Does Student Loan Debt Make People Less Happy and Healthy?

Career College Central Summary:

  • People with student debt report worse health and greater financial stress long after they finish their degree, a new study from Gallup shows.
  • The survey looked at 11,000 students who have graduated college since 1990 and found that people who took out more than $50,000 in loans rate their physical and financial status at least 10 points lower than their debt-free peers.
  • The findings offer a window into the deeply personal impact debt may have on students across the country, who are taking out more and larger loans than ever.
  • Some research suggests that college is nonetheless worth its rising ticket price and that graduating doubles the hourly wages of workers.
  • It’s also true that the vast majority of students are not facing six-figure unpaid education bills.
  • Eleven percent of Gallup respondents had $50,000 or more in debt, and broader data sets indicate that somewhere between 7 percent and 13 percent (PDF) of the almost 40 million student borrowers across the country have debts in that range.

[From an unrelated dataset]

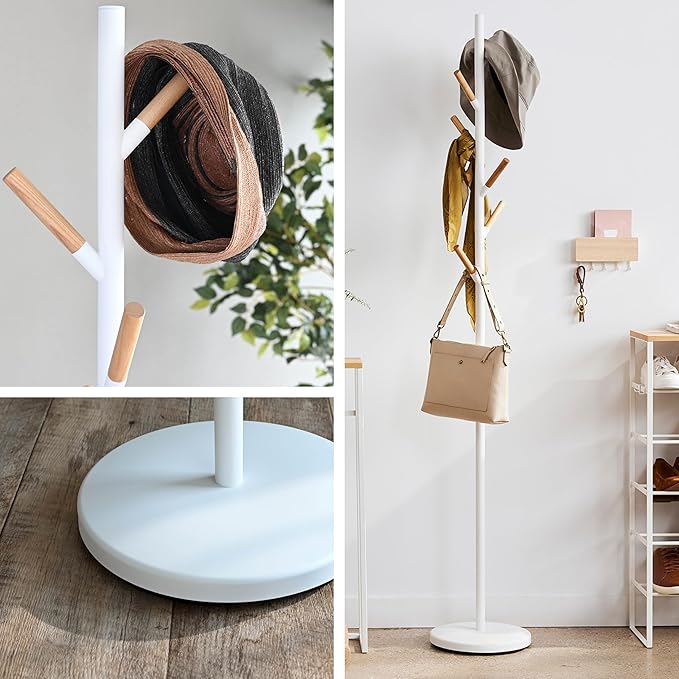 YAMAZAKI Home Freestanding Coat Rack Stand – Modern Coat Tree With Wooden Hooks, Standing Coat Hanger For Entryway, Sturdy Weighted Base, Steel, White, Easy Assembly, 70" - Steel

  • To jump to the conclusion that student loans ruin lives, however, would be an oversimplification.
  • The study warned that it’s not necessarily the high debt that made this group less healthy or happy.
  • Other things that make people take out loans, like their family’s wealth or the type of college they attend, “may be the same factors that influence graduates’ future well-being,” Gallup said.
  • The study also doesn’t account for people who took out loans but left college without a degree, a group that’s about four times as likely to hold student debt today as in 1989, according to a Brookings Institution study.